Each of the locomotives 14 and 12A and the control tower 16 includes a DP transceiver 28L, 28R, 28T (also referred to as a DP radio) and a DP antenna 29 for receiving and transmitting the DP communication messages. The DP transceivers are referred to by suffixed reference numerals 28L, 28R and 28T indicating location in the lead locomotive, remote locomotive, and the control tower, respectively.
The DP commands are typically generated in a lead station 30L in the lead unit 14 responsive to operator control of the motive power and braking controls in the lead locomotive 14, as described above. The remote locomotive 12A also includes a remote station 32R for processing messages from the lead locomotive 14 and for issuing reply messages and commands.
The distributed power train 10 further comprises a plurality of railcars 20 interposed between the locomotives illustrated in FIG. 1 and connected to a brake pipe 22. The railcars 20 are provided with an air brake system (certain components of which are not shown in FIG. 1) that applies the railcar air brakes in response to a pressure drop in the brake pipe 22 and releases the air brakes in response to a pressure increase in the brake pipe 22. The brake pipe 22 runs the length of the train for conveying the air pressure changes specified by air brake controllers 24 in the locomotives 14 and 12A. A plurality of transducers 69 is provided. The plurality of transducers 69 are associated with the equalizing/control reservoir, brake pipe, and brake cylinder at each brake controller 24 at each lead and remote locomotive. The transducers 69 communicate with the lead station 30L in the lead locomotive 14 to identify the brake application that the driver is commanding at the lead locomotive. The lead station then transmits this brake application data to the remote station 32R via the DP radios 28L and 28R. The remote station 32R then commands the remote brake controllers 24 to apply brakes as commanded from the lead locomotive. The transducers 69 communicate with the remote station 32R in the remote locomotive 12A to identify that the remote locomotive 12A is making its braking application in response to the braking application made by the lead locomotive 14.

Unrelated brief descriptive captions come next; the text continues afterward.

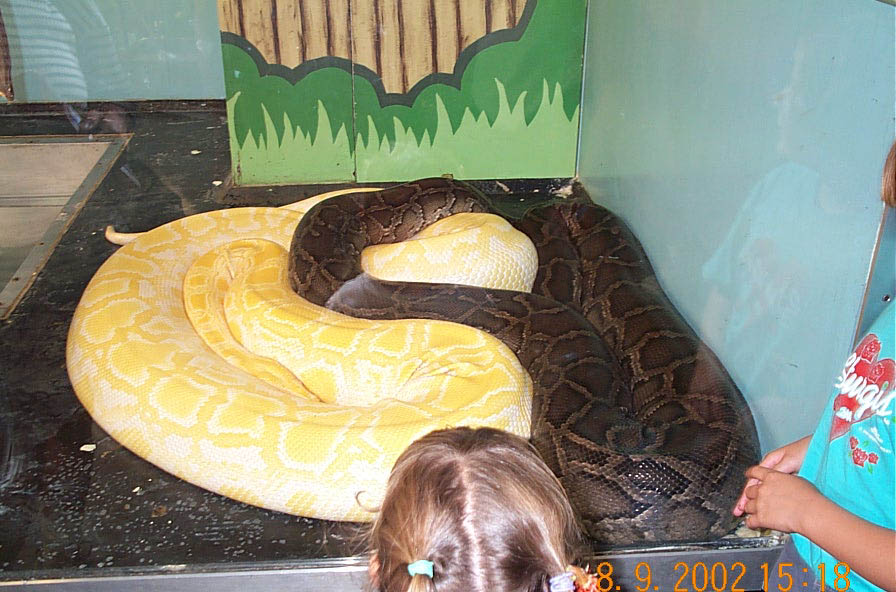 2 large burms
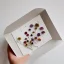 Placeholder: aesthetic layout of small dried flower in the open white vinyl envelope, vintage, tender, mild colours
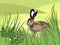 Wild animal. A hare is sitting in the grass. In minimalist style. Cartoon flat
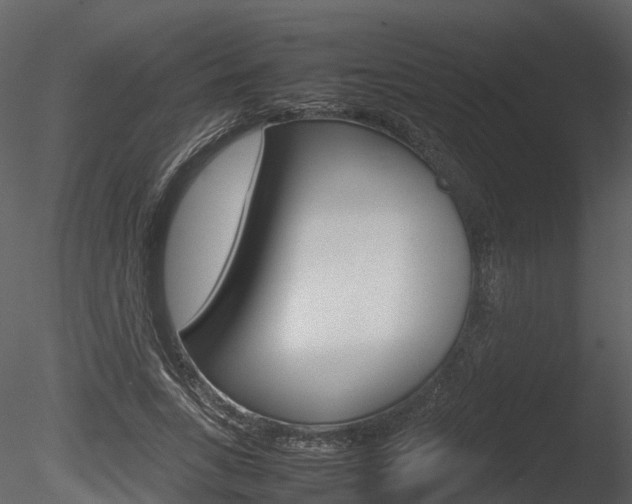 X0000085730735200703160836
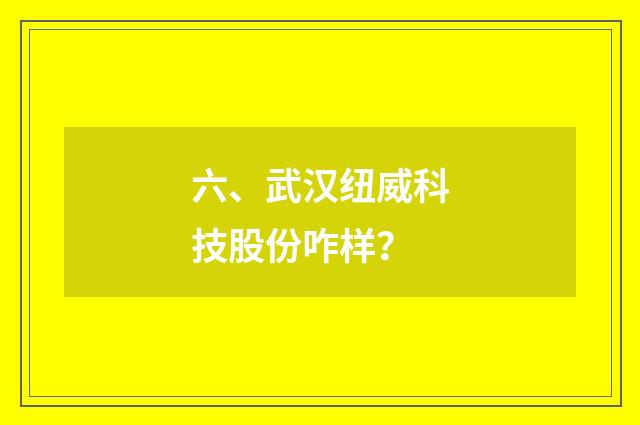 六、武汉纽威科技股份咋样？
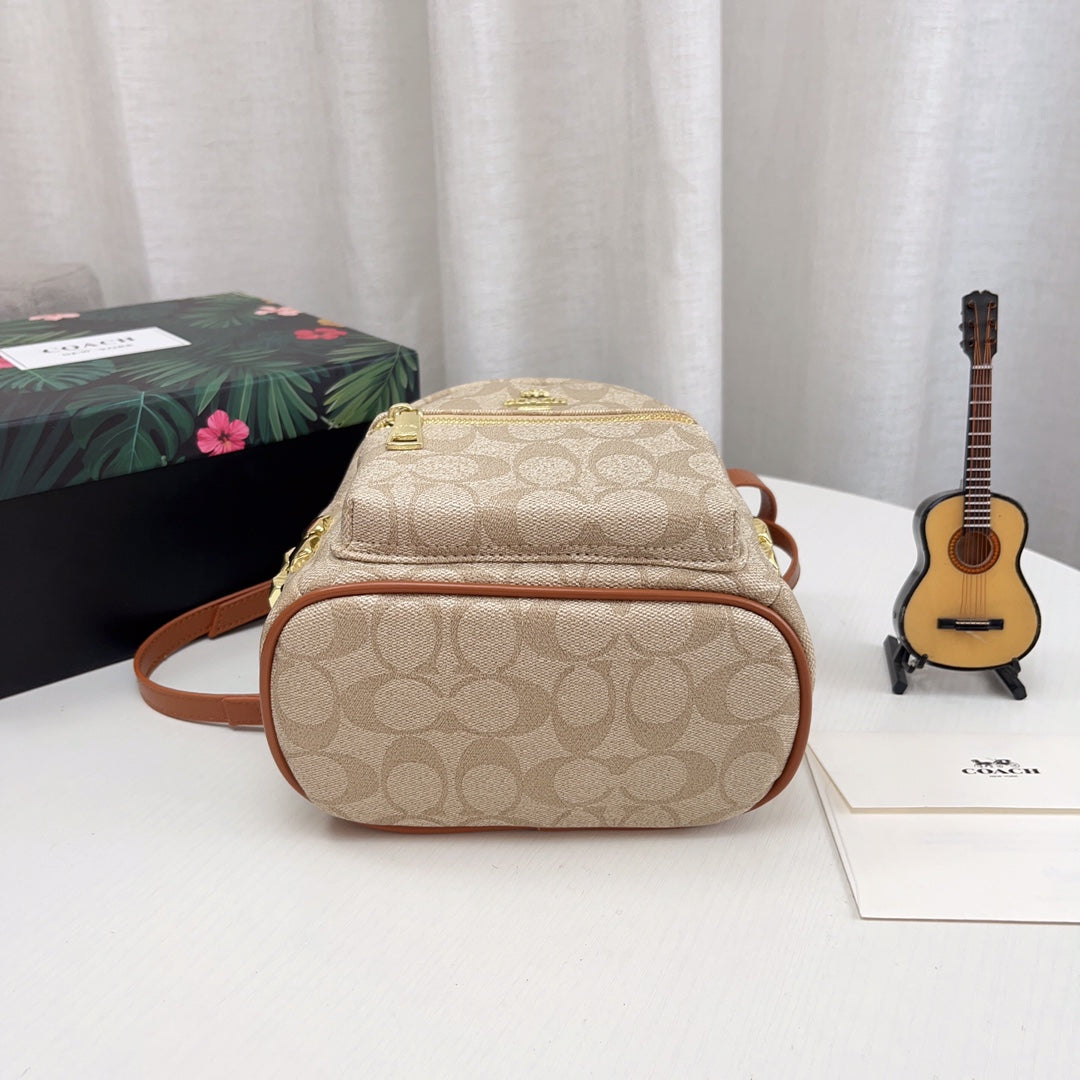 Co-BAG294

In distributed power applications, it is especially critical to have valid and accurate pressure transducer data. During times of communication interruption, if a brake application is applied at the lead locomotive, the remote locomotive cannot receive this brake command and the lead locomotive may apply brakes at the front part of the train very rapidly while the rear part of the train the brakes are being applied at a much slower rate. Such an application of brakes may result in experiencing high in-train forces, which are unacceptable during train motoring. Additionally, pressure transducers may fail at an acceptable pressure and provide a false reading to the lead locomotive, or, more specifically, a train control system. This false reading will indicate to the system that it is safe to operate in a nominal state. The false reading might allow the system to make an unacceptable action.
Therefore, owners and operators of locomotives and trains would benefit from being able to detect when a failed or stuck pressure transducer is realized where the detection ensures that the data associated with the detection is current data. Owners and operators would also benefit from having fewer working parts in the distributed power system; therefore, an additional benefit would be realized if the detection is accurate enough to reduce the number of redundant transducers currently required.